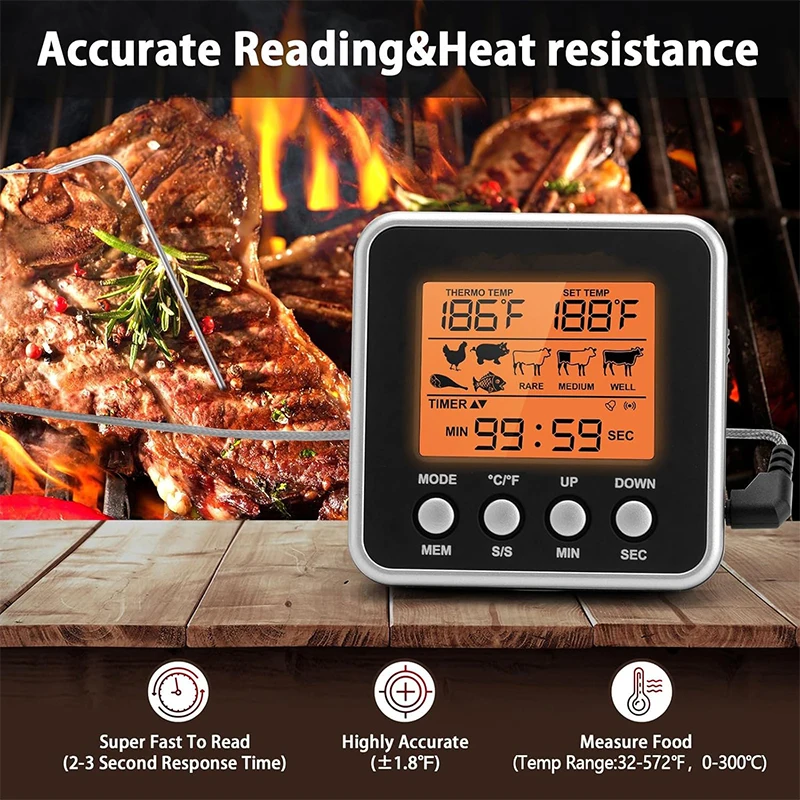 LCD Digital Meat Thermometer BBQ Food Thermometer Monitor with Backlight Kitchen Timer Alarm Long Probe Thermometer for Grill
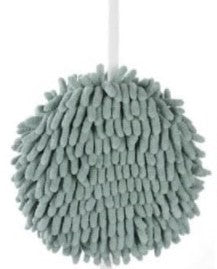 Seafoam Green Hanging Ball Towels example | Chenille Hand Towels | Okoboji Soap Company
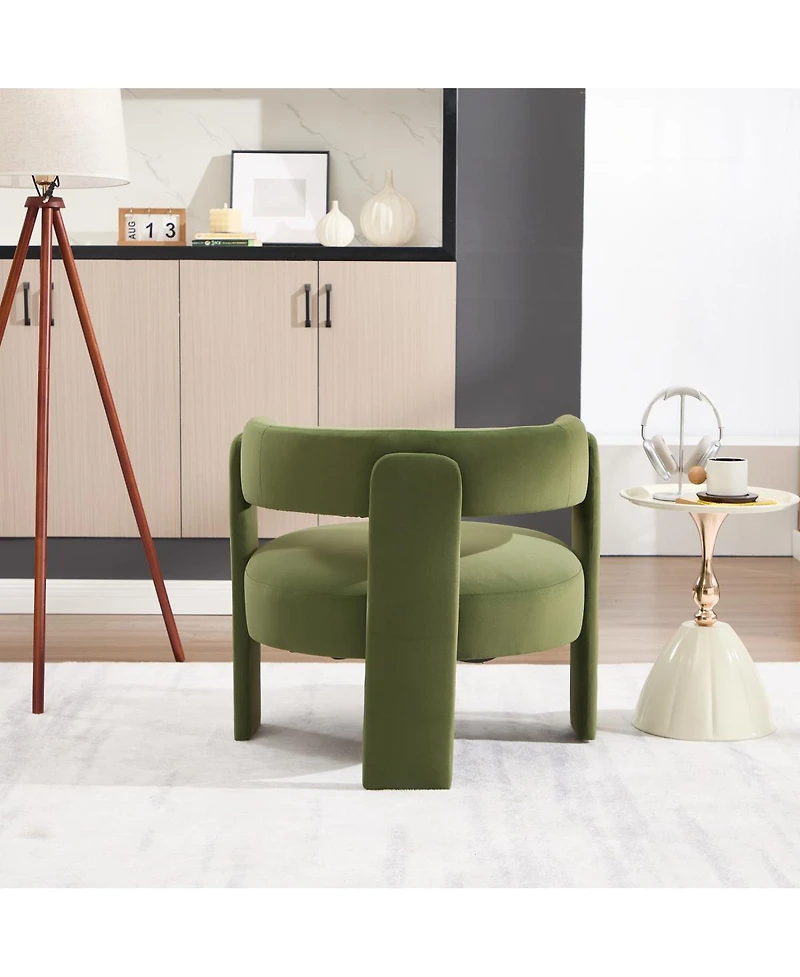 Streamdale Furniture Mid-Century Modern Velvet Accent Chair for Living Room and Bedroom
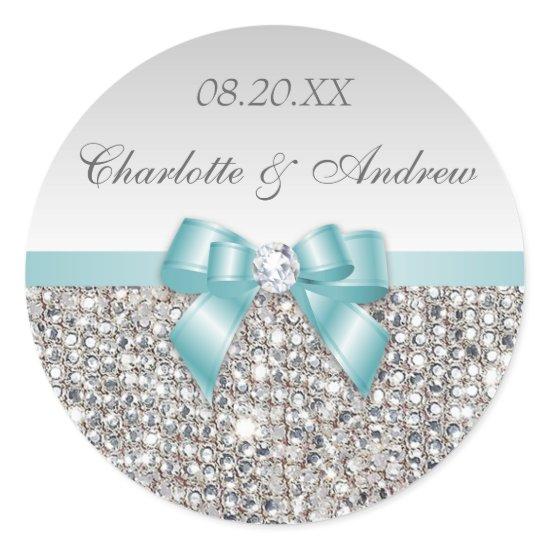 Silver Sequins Teal Bow and Diamond Wedding Classic Round Sticker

───

What you have to do: Copy out the full material exactly. Pictures should not appear in it.

Completed exercise:
 LCD Digital Meat Thermometer BBQ Food Thermometer Monitor with Backlight Kitchen Timer Alarm Long Probe Thermometer for Grill
 Seafoam Green Hanging Ball Towels example | Chenille Hand Towels | Okoboji Soap Company
 Streamdale Furniture Mid-Century Modern Velvet Accent Chair for Living Room and Bedroom
 Silver Sequins Teal Bow and Diamond Wedding Classic Round Sticker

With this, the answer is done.